A few days ago, I was going through the people in my Gramps database and came across the entry for Ruth Kraaij, with a birth date of “calculated 1819”. I checked and noticed he didn’t have parents recorded. On a hunch, I looked him up on WieWasWie, and quickly found his birth record. I noticed that his parents, Lubbert Riksen Kraaij and Hijntje Rutgers (AKA Hendrikje Rutgers van Schalm) were already entered into my database. Within minutes, I downloaded Ruth’s birth record, updated his birth information, and added him as a child of Lubbert and Hijntje.
When your database grows, as mine has, to the size where you need five digits to count the number of people, there are likely to be at least a few unrecorded relationships like this. In this case, it was a parent-child relationship. But on my desk, I already have four pages of notes outlining more complex relationships between other people already entered in my database.

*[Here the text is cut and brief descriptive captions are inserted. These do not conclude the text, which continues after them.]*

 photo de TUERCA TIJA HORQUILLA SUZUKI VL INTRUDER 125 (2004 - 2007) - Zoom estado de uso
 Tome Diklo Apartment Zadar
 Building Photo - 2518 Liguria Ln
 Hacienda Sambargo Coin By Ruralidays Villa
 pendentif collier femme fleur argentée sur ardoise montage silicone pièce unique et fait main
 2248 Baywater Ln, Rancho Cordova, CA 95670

Here’s a screenshot of the “People” view in my Gramps database. I have it configured to show name, birth date, birth place, death date, spouse, and last changed. I often use the last changed date. By clicking on the column title, Gramps will order the records in that sequence. I then scroll down to the end, where I can see where I ended up in my previous session.

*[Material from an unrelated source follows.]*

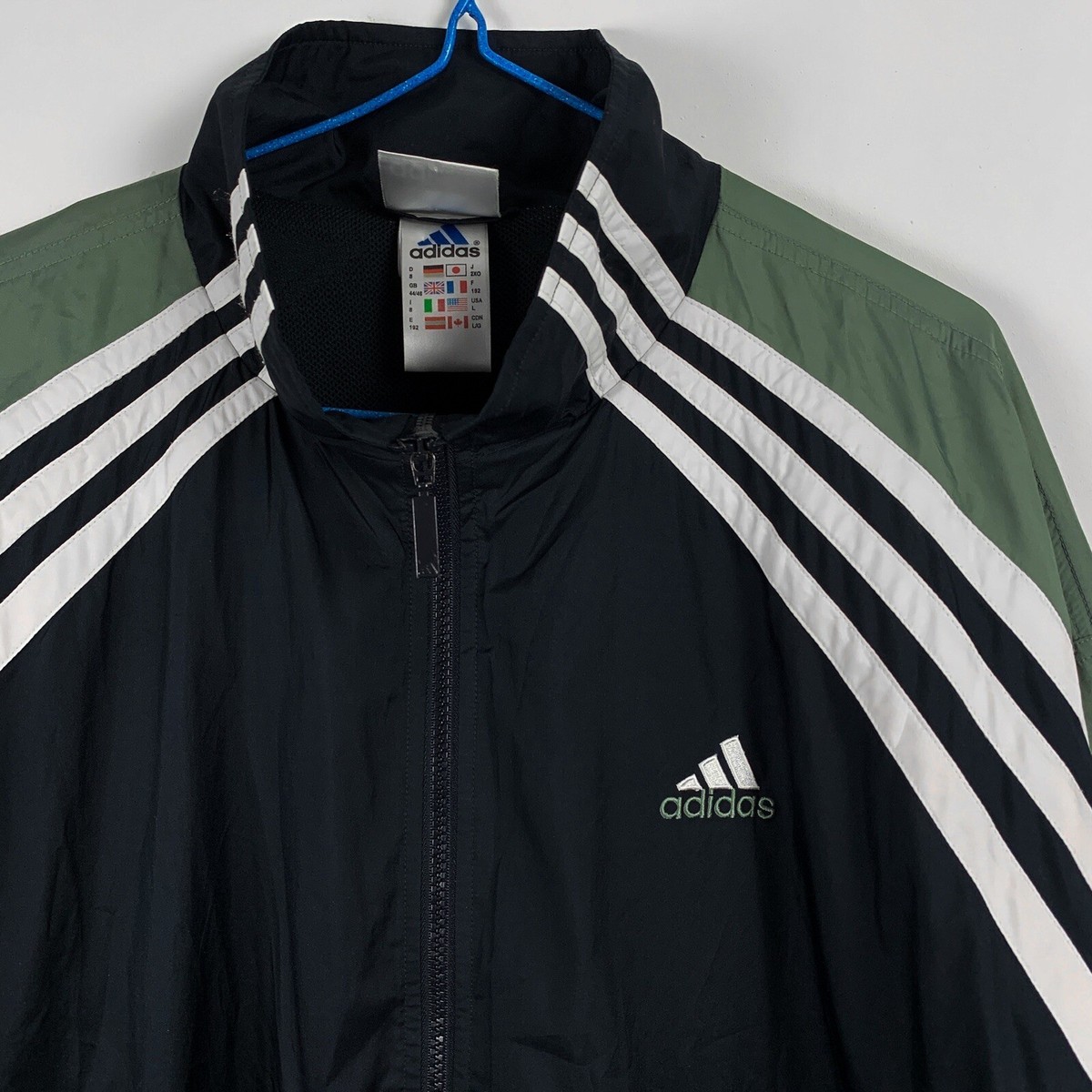 Vintage 00s Adidas Full Zip Windbreaker Jacket 3 Stripe Mens Vintage 00s Adidas Full Zip Windbreaker Jacket 3 Stripe Mens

But consider the birth date column. Note a couple of things. First, a birth date in italics is actually a baptism date in those cases where a birth date is not known. Likewise, a death date in italics represents a burial date where date of death is unknown. For births and deaths in the Netherlands prior to 1772, this is very often the case.
A “calculated” date is computed by taking the date of some event and subtracting the age of the person at that event. In Dutch records, the quality of a calculated date can vary considerably. For marriage records, the bride and groom had to submit extracts from their birth records, and so their age at marriage can generally be counted on as accurate. Age at death, on the other hand, can often be off by a few years.

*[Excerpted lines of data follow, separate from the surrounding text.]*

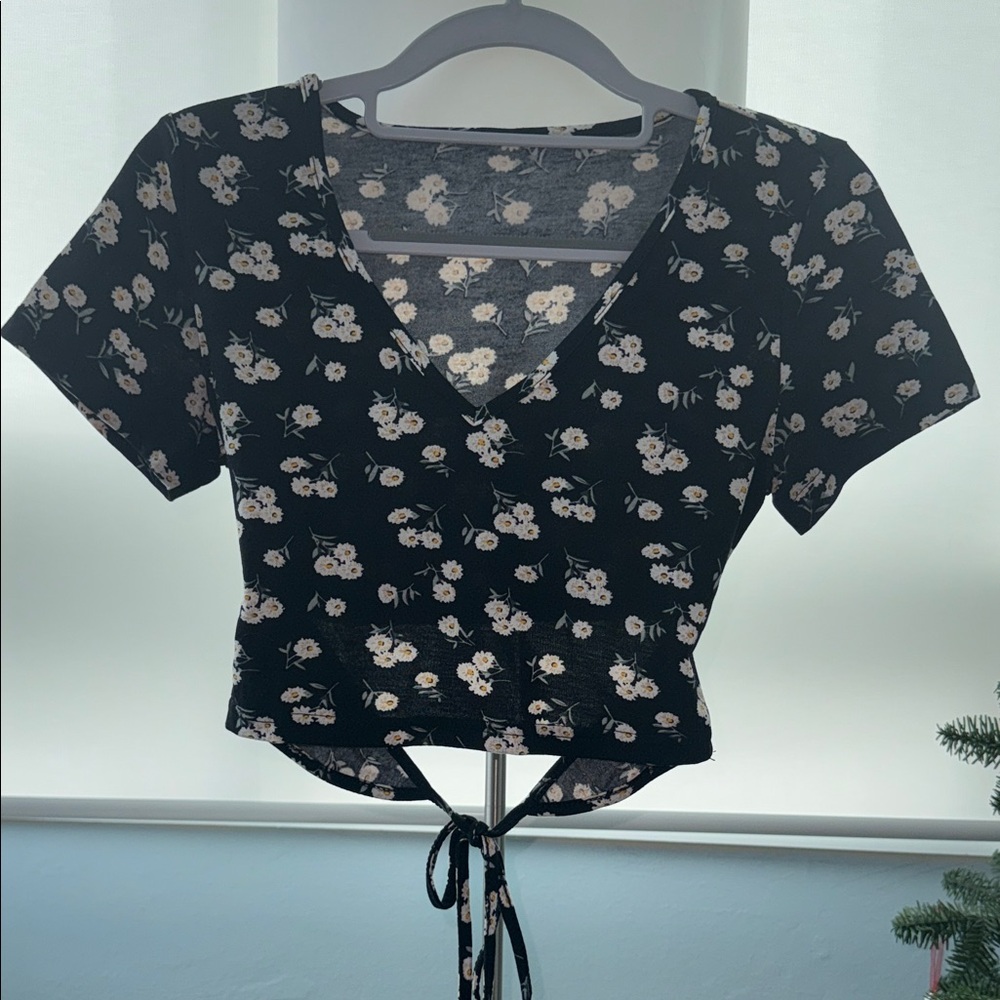 SHEIN Black Floral Tie-Back Crop Top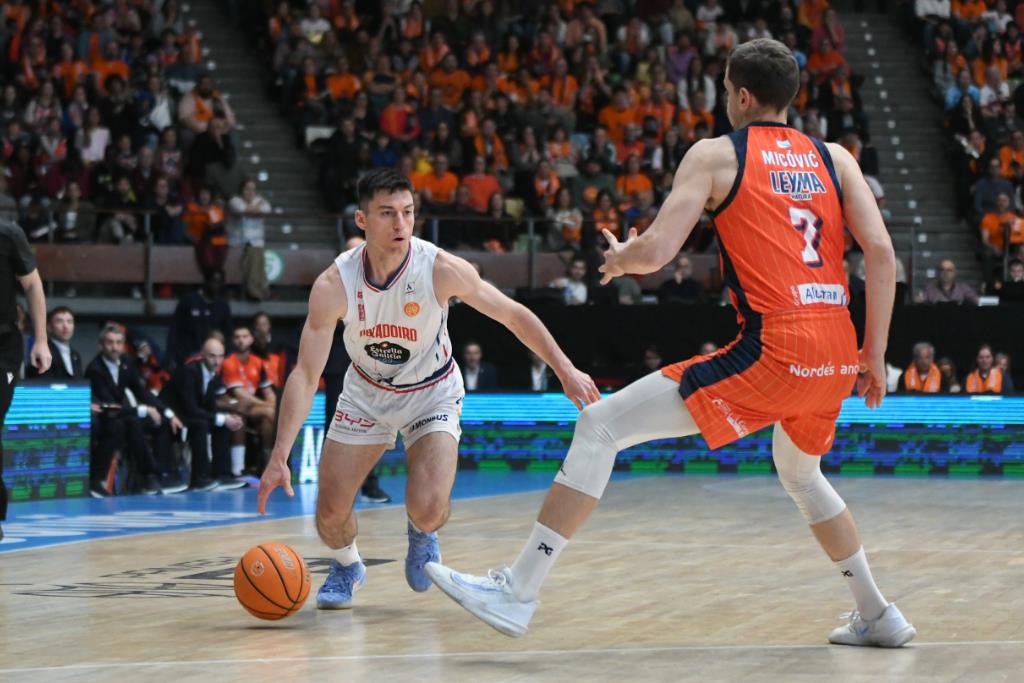 Monbus Obradoiro Breaks Coliseum Unbeaten Streak to Intensify Playoff Race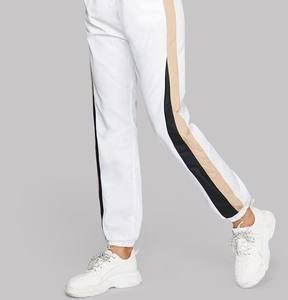 Chaqueta Cortavientos Impermeable y Transpirable de Diseño Moderno para Mujer, con Cierre de Cremallera y Relleno de Algodón para Comodidad Durante Todo el Día - Product Image 2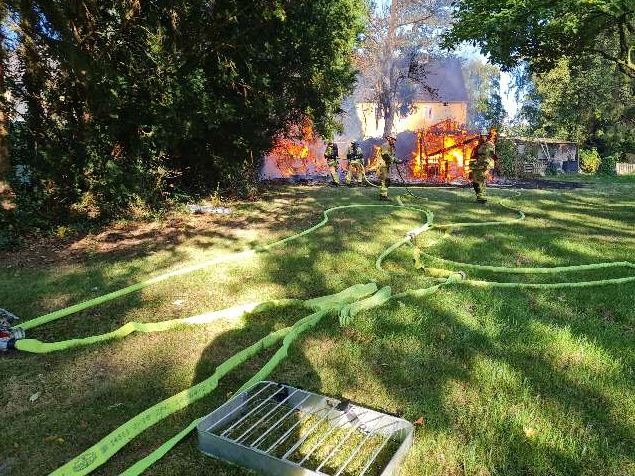POL-WHV: Brand von drei Gartenhütten in Wilhelmshaven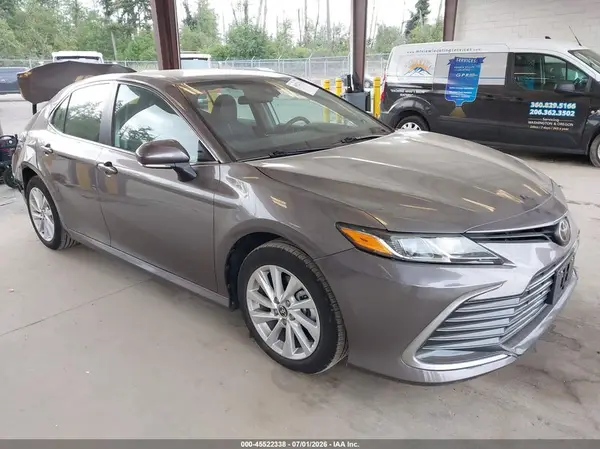 4T1C11BK1NU072304 2022 TOYOTA CAMRY - Image 1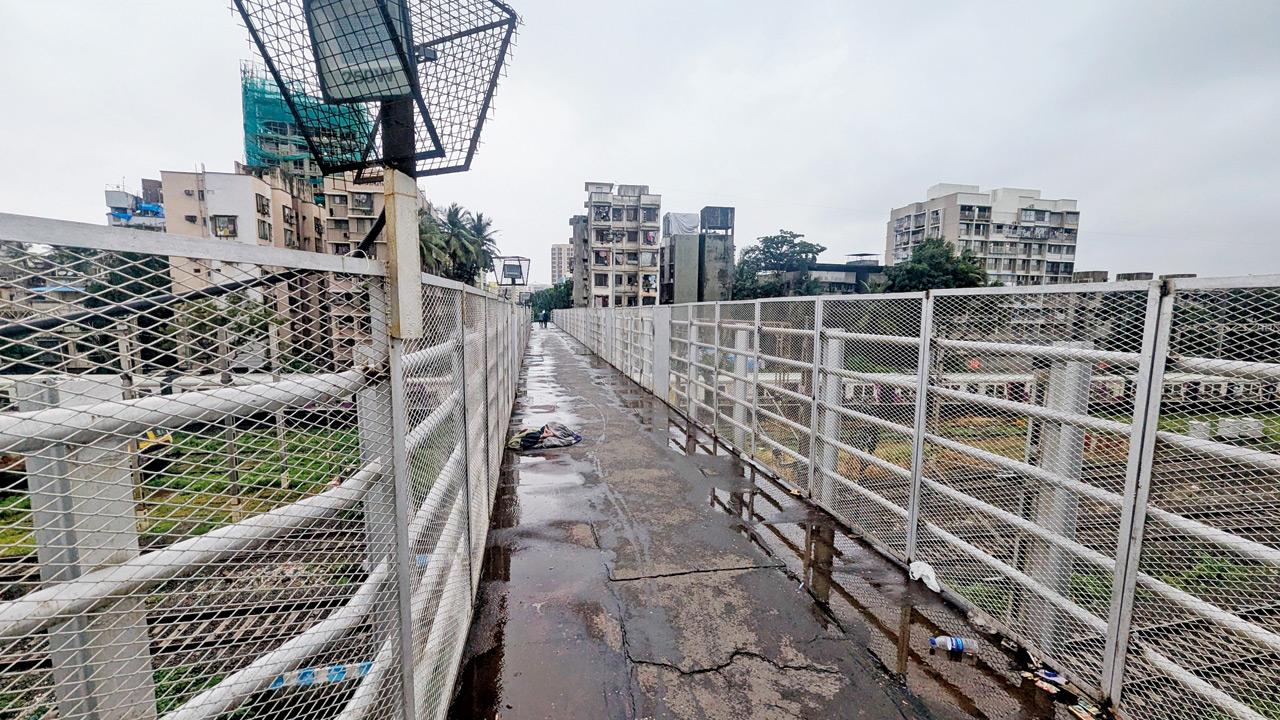 The Kurla east-west foot overbridge was abruptly cut short, leaving it stranded mid-way and mostly unused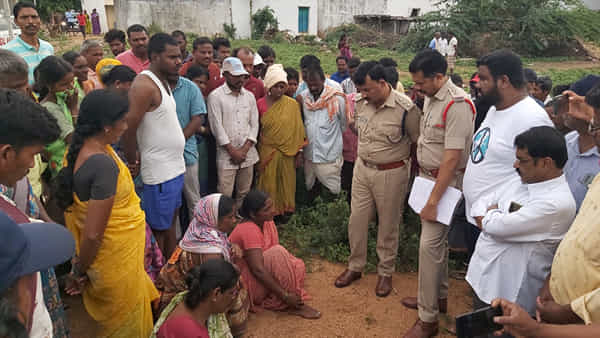 Telangana: భర్త హత్యకు మూడు మేకల సుఫారి ఇచ్చిన భార్య.. ఎందుకో తెలుసా.?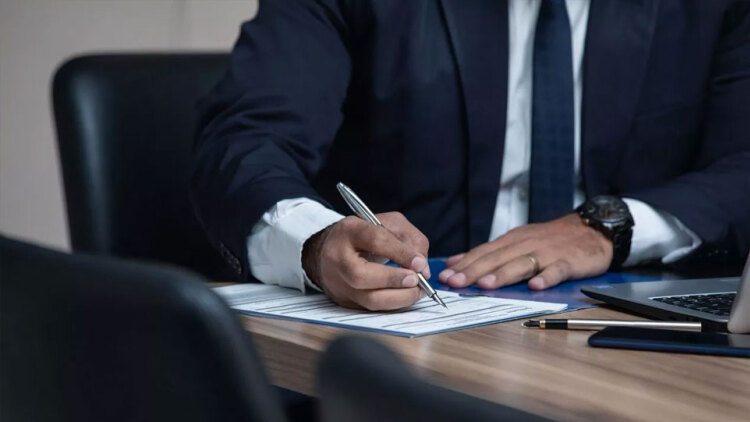 ΓΣΕΕ: Πώς αμείβεται η 25η Μαρτίου για τους μισθωτούς του ιδιωτικού τομέα
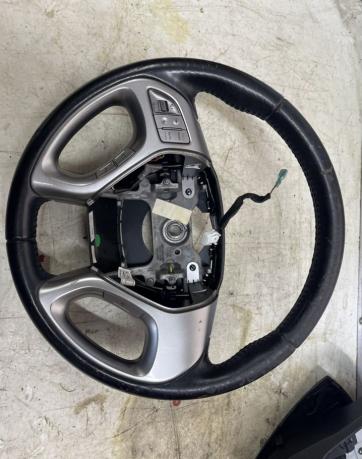 Рулевой колесо на Hyundai Ix35 2010-2013 561102Y6009P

(By the way, when entering a calculated date into Gramps, all you need to type is “calc”. Gramps will fill in the rest.)
Sometimes, I’ll randomly go through my “people” view looking for possible avenues of investigation. The people with a calculated date of birth are often worthy of further study. I’ll look for these individuals in groups of people with the same surname living in the same general area. In my data, I have a lot of people who lived in Nijkerk, and it often takes little effort to link together people already recorded.
In the case of Ruth Kraaij, his daughter Hendrikje married my second cousin three times removed Evert Woudenberg. Ruth’s brother Rik Lubbertsen had a daughter, Aleida. She was the first wife of my great grandfather Manus van de Bunt.